The Point-in-Time Count, or PIT Count, is an annual survey of homeless individuals in the United States conducted by local agencies called Continuums of Care (CoCs) on behalf of the United States Department of Housing and Urban Development. HUD uses the data from PIT counts to evaluate the effectiveness of local agencies' efforts to address homelessness and to determine funding amounts for them, and also compiles it into the Annual Homeless Assessment Report, which is provided to Congress. HUD defines the PIT as a "count of sheltered and unsheltered homeless persons carried out on one night in the last 10 calendar days of January or at such other time as required by HUD."
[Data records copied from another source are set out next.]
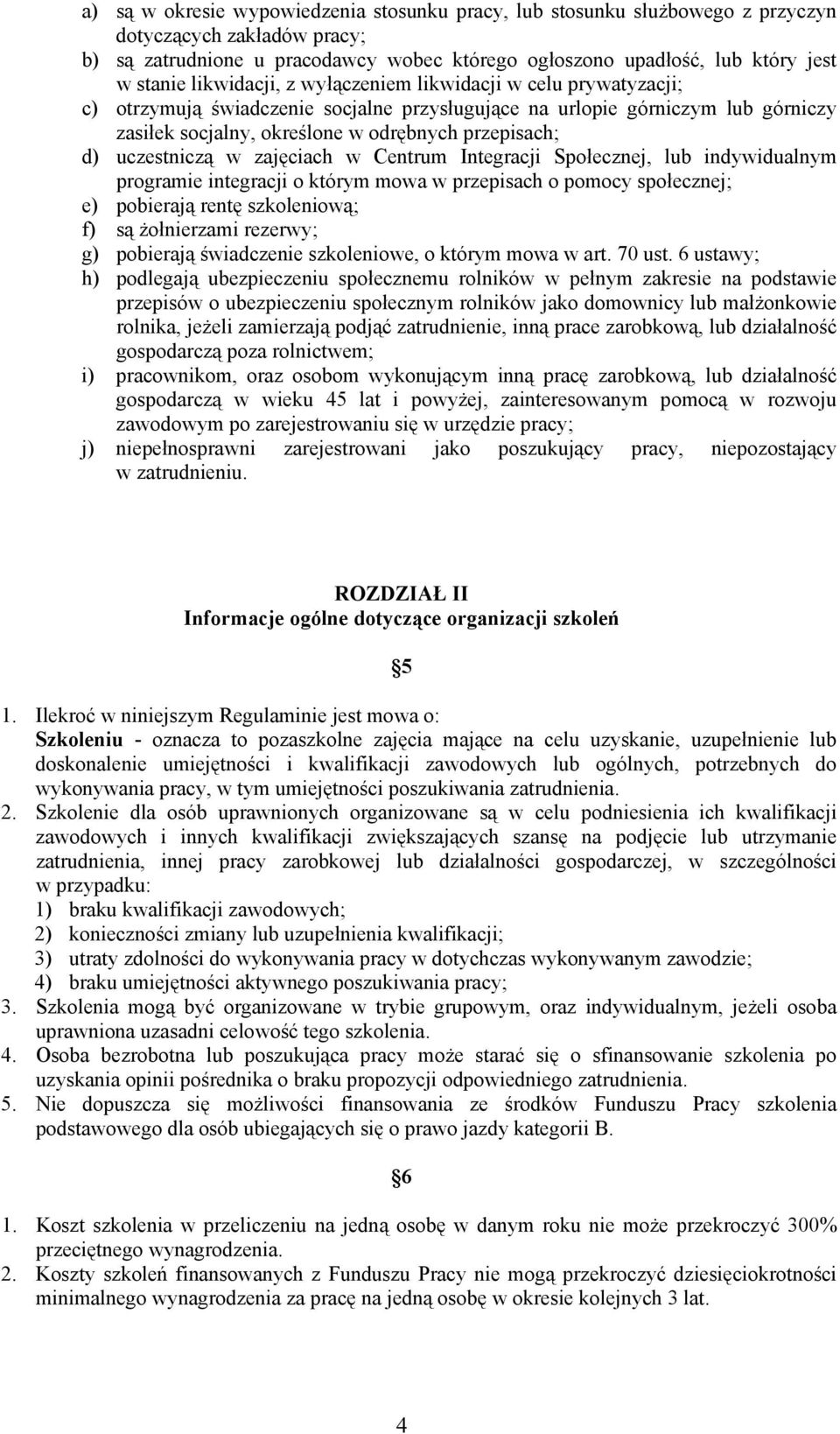 uczestniczą w zajęciach w Centrum Integracji Społecznej, lub indywidualnym programie integracji o którym mowa w przepisach o pomocy społecznej; e) pobierają rentę szkoleniową; f) są żołnierzami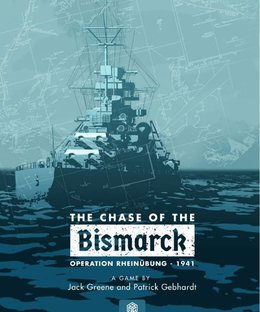 The Chase of the Bismarck: Operation Rheinübung 1941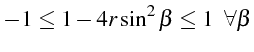 \bgroup\color{black}$\displaystyle -1\le1-4r\sin^{2}\beta\le1    \forall\beta$\egroup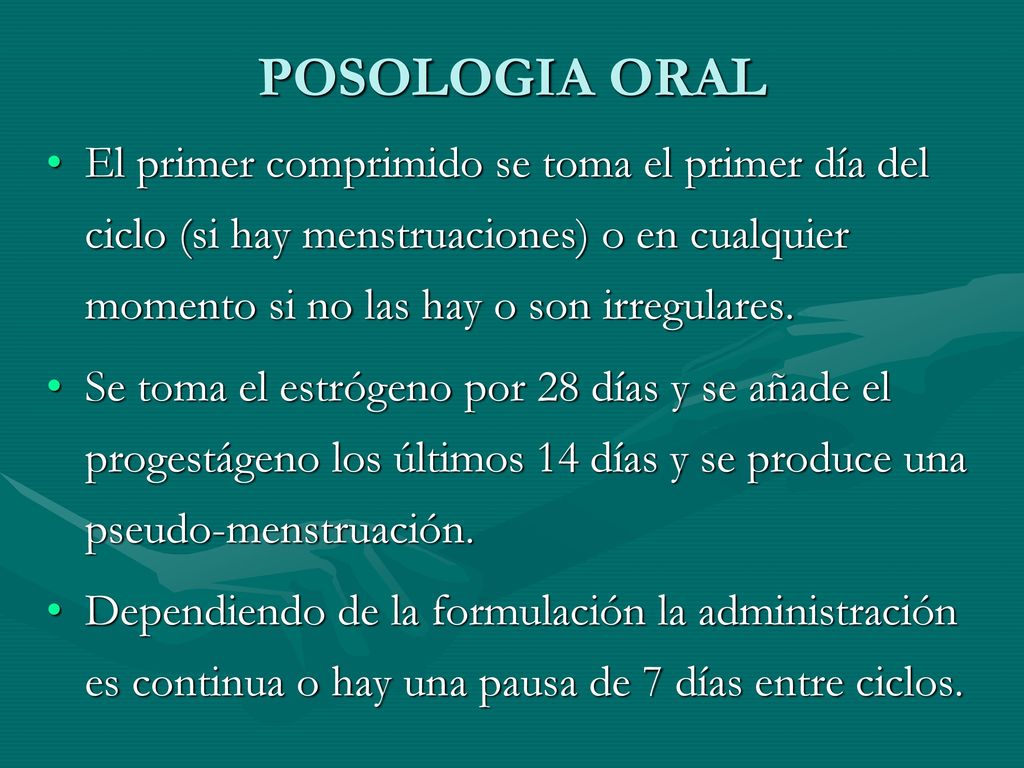POSOLOGIA ORAL El primer comprimido se toma el primer día del ciclo (si hay menstruaciones) o en cualquier momento si no las hay o son irregulares.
The PIT consists of an observational count and a survey of homeless individuals, the former to establish a sense of scale and the latter to estimate the number of individuals in various subcategories, like homeless veterans or  homeless youth.

Methodology
Methodology varies slightly between CoCs, to allow them to adapt to their individual needs. Generally, though, the PIT consists of two parts: an unsheltered count and a sheltered count. Both are required to be conducted on a single night in the last ten days of January. The sheltered count requires CoCs to collect information from emergency shelters, transitional housing, and safe havens. The unsheltered count is more difficult as it generally involves volunteers traveling to places where they expect people experiencing homelessness to be (under bridges, encampments, etc). Historically, the PIT count was conducted using pen and paper, but CoCs are increasingly adopting mobile and analytics technology like Hyperion and Counting Us to make things easier.